El BM proyecta que la economía global desacelerará a 2,4% este año. Para América latina prevé un crecimiento de 2,3%. «Hay poco margen de maniobra para que el gasto fiscal apoye la actividad», dice sobre Argentina.

El Banco Mundial dio a conocer sus últimas proyecciones para la economía global y el escenario es poco alentador. Si bien se espera crecimiento, desaceleraría por tercer año consecutivo a 2,4% en 2024 a nivel global. La proyección plasmada en el reporte no refleja el 4,5% de caída del PBI que espera el propio Gobierno sino que contabilizaba el rebote tras la sequía, sin las medidas de Javier Milei.

A nivel global, se trata del tercer año consecutivo de desaceleración, «lo que refleja políticas monetarias estrictas, condiciones crediticias restrictivas y un comercio e inversión globales anémicos», indicó el organismo en su informe Global Economic Prospects, donde destaca que el lustro 2020-24 «marcará el comienzo de década más débil en 30 años».

Para la Argentina, señala que existe incertidumbre económica y sobre las medidas en medio de la «alta inflación y una pronunciada devaluación de la moneda, que sigue deteriorando la confianza del consumidor». El informe plantea un rebote de 2,7% para la Argentina, aunque basado en la mejora tras la sequía y sin contar el paquete de anuncios de emergencia del ministro de Economía Luis Caputo.

«La inflación anual ha superado recientemente el 150 por ciento y no hay señales de alivio», dice el informe que se queda corto, con el número final anual en 200%. «También hay poco margen de maniobra para que el gasto fiscal apoye la actividad, mientras el gobierno busca abordar cuestiones apremiantes de sostenibilidad fiscal», agrega sobre Argentina.

Se prevé que el crecimiento mundial se desacelerará por tercer año consecutivo, y pasará del 2,6 % registrado el año pasado al 2,4% en 2024, esto es, casi tres cuartos de punto porcentual por debajo del promedio de la década de 2010. Según las proyecciones, las economías en desarrollo crecerán solo un 3,9 %, más de un punto porcentual por debajo del promedio registrado en la década anterior.

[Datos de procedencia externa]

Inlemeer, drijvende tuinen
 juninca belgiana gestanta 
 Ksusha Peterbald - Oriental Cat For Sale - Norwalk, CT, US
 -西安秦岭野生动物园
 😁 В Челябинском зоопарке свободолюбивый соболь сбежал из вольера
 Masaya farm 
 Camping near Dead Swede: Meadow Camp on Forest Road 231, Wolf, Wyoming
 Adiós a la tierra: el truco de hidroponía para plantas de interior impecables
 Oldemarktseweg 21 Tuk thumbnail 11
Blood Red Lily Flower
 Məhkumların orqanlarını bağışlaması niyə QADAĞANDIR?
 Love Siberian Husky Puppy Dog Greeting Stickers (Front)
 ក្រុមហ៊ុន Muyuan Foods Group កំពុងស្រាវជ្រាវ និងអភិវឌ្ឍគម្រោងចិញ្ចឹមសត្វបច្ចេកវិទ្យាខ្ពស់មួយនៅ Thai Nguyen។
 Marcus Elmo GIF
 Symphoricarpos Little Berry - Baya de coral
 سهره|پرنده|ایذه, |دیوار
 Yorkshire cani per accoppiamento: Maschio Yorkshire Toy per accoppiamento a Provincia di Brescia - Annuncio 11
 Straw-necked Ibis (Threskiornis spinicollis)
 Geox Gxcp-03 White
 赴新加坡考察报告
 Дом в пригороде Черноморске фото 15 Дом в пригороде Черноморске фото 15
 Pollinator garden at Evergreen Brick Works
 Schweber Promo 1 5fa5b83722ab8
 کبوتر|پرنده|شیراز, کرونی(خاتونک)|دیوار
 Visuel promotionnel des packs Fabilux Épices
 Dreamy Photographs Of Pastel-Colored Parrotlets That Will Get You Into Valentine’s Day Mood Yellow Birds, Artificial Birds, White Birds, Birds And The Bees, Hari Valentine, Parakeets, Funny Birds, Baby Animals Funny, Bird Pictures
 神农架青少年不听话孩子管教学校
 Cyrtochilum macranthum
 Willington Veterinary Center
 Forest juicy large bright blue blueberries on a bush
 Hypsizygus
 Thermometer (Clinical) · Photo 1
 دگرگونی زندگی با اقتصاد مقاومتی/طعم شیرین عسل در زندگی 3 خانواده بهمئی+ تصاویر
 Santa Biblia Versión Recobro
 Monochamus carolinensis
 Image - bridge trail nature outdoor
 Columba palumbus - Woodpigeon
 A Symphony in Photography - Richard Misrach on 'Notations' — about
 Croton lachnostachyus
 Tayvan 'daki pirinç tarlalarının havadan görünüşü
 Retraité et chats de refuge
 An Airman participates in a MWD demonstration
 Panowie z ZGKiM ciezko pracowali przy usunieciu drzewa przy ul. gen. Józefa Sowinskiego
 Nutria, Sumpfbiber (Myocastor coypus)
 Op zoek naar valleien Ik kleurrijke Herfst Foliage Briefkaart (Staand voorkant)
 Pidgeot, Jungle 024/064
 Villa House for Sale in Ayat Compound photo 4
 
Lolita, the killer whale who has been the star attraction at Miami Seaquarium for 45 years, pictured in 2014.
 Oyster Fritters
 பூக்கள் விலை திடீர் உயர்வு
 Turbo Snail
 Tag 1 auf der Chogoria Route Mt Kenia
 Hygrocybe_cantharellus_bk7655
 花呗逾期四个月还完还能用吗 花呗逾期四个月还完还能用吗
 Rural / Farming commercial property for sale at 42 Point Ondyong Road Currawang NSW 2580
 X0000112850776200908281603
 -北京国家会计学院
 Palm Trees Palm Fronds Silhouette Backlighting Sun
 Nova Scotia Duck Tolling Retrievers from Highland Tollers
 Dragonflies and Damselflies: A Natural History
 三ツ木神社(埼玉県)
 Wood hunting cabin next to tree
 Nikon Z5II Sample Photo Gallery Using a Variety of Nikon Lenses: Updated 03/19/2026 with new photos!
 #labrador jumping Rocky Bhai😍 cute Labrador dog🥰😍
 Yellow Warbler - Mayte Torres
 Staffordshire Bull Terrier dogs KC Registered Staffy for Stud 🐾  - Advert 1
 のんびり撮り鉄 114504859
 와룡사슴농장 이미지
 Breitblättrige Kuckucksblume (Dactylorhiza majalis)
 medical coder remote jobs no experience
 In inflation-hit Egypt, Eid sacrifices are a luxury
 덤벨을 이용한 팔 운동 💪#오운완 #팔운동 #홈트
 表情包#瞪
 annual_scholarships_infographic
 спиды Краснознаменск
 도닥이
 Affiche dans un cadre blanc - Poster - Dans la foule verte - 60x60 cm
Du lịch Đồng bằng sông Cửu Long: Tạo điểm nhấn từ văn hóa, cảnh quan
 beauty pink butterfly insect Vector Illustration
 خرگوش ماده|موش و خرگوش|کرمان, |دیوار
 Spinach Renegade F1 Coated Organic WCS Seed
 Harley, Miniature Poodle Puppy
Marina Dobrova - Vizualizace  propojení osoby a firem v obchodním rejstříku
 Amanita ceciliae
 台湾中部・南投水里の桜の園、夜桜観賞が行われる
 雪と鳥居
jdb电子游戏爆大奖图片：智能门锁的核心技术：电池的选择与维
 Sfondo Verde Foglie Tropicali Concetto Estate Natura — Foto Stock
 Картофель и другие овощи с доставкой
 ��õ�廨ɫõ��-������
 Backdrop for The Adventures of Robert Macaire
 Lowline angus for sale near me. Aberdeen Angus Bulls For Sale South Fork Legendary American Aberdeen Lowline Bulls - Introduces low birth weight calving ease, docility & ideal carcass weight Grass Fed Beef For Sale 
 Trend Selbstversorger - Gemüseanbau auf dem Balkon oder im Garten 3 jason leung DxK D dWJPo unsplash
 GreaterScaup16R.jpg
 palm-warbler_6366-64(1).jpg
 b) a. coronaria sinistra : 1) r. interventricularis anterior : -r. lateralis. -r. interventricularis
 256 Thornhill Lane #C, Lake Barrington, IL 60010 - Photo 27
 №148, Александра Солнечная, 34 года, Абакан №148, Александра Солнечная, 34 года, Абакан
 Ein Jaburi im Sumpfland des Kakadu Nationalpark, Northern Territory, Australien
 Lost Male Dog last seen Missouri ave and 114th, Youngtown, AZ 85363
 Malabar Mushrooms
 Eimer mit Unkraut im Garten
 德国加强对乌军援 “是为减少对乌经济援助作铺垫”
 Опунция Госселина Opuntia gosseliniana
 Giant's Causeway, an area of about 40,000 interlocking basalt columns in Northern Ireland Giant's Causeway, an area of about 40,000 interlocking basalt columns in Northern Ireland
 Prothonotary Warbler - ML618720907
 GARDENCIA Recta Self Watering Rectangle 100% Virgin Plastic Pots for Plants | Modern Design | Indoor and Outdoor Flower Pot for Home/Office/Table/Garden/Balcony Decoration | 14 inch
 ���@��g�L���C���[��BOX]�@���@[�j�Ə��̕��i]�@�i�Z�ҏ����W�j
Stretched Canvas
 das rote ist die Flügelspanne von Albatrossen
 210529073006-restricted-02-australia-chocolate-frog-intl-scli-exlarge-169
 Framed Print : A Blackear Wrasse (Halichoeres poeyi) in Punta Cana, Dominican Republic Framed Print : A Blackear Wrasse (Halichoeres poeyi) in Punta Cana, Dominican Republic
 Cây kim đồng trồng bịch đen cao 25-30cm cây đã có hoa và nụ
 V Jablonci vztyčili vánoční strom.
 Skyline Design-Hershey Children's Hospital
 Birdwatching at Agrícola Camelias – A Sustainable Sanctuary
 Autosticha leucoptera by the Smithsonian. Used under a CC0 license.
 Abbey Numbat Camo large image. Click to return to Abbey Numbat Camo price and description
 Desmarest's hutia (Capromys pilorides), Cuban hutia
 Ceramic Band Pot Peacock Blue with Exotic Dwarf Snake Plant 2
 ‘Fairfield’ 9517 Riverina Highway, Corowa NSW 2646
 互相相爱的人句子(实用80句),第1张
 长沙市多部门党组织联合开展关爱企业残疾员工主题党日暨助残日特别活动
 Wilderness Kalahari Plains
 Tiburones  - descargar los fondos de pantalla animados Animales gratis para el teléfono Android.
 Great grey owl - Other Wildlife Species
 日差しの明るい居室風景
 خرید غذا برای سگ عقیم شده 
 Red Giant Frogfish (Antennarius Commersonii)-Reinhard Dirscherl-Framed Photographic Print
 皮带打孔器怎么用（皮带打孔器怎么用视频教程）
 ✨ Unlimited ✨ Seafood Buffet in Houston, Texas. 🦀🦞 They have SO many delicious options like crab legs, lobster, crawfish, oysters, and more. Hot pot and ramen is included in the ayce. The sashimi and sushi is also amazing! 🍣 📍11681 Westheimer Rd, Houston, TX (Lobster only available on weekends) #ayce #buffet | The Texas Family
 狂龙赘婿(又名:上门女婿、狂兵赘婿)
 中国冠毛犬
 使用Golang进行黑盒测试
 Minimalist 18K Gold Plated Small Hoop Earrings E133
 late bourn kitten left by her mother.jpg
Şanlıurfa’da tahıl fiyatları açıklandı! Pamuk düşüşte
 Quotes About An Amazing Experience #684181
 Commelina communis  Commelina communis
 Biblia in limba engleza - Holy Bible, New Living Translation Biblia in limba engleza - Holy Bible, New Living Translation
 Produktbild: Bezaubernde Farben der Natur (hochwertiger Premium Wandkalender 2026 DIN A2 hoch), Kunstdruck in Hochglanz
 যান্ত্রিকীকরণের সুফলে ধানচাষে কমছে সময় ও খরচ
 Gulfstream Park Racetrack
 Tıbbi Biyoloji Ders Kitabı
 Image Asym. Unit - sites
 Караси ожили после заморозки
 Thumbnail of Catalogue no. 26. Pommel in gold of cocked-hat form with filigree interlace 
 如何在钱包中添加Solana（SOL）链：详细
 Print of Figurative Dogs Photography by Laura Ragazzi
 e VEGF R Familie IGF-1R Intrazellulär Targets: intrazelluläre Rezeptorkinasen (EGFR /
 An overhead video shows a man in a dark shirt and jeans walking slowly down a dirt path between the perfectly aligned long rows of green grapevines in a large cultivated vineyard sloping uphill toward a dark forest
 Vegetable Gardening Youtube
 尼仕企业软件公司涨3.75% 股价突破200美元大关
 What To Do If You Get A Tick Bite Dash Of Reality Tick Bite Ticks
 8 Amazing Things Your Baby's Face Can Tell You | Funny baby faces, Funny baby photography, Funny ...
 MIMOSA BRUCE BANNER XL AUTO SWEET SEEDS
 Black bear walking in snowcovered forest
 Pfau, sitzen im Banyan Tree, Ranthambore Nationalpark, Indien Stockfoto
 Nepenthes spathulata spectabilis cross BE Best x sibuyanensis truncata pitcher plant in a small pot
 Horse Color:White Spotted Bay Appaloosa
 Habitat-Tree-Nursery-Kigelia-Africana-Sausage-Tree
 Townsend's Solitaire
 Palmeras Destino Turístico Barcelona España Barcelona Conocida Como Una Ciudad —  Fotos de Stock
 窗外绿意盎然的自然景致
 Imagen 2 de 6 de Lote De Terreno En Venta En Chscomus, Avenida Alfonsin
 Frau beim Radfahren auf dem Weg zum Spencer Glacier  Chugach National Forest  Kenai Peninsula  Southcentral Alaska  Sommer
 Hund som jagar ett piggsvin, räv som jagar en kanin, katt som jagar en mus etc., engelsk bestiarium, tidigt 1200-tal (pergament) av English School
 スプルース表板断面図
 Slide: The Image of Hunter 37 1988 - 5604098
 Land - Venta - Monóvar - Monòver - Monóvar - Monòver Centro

Los países de ingreso bajo crecerán un 5,5 %, menos de lo esperado y las economías avanzadas pasarán del 1,5 % registrado en 2023 al 1,2 %. Para América latina y el Caribe se prevé que el crecimiento aumentará al 2,3 % en 2024 y al 2,5 % en 2025.

«Los riesgos para las perspectivas siguen sesgados a la baja. El conflicto en curso en el Medio Oriente ha aumentado los riesgos geopolíticos y aumentado las probabilidades de que se produzcan interrupciones en el suministro de materias primas o de otro tipo. Otros riesgos a la baja incluyen un fuerte endurecimiento de las condiciones financieras de los  países en desarrollo, una mayor debilidad en China y desastres naturales relacionados con el clima», agrega el informe.